Obwohl Du Dich vegetarisch ernährst, bringst Du auch ab und zu eine Kuh zum Schlachten…

Letztes Jahr waren es zwei. Die eine wurde seit zweieinhalb Jahren nicht gemolken und wurde nicht mehr trächtig, die andere seit einem Jahr. Sie durften noch eine Weile mitlaufen mit den anderen, dann habe ich sie zum Bio-Metzger gefahren. Ich begleite sie bis zum Schluss, um ihnen ein möglichst angstfreies Sterben zu ermöglichen – auch wenn diese Situation für mich sehr schwierig ist. 

 

Die wenigsten Landwirt*innen, die ökologisch wirtschaften, nehmen es so genau wie Du.
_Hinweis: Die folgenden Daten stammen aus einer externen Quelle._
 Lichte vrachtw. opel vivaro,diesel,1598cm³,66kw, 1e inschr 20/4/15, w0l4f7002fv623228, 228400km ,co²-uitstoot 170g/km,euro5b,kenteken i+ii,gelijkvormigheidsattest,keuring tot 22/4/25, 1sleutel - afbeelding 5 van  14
Sagst Du auch bekannten Bäuerinnen und Bauern Deine Meinung? 

Als wir nach Wengen zogen, waren wir öfter mal bei anderen Bio-Landwirt:innen eingeladen. Ich war schockiert, als ich auf einem Bio-Milchvieh-Betrieb Dosenmilch von Bärenmarke zum Kaffee serviert bekam. Da habe ich natürlich schon gefragt: Trinkt Ihr denn eure eigene Milch nicht? Die Antwort: Uns schmeckt die Dosenmilch besser… Es gibt leider vereinzelt Bio-Betriebe, die riesige Maschinen fahren und dafür beim Essen sparen. 

 

Bis 2030 will die Bundesregierung 30 Prozent Bio erreichen. Eine Steigerung des Absatzes ist hierfür Voraussetzung. So paradox es klingt: Wie kann man Bio-Landwirt:innen von Bio überzeugen?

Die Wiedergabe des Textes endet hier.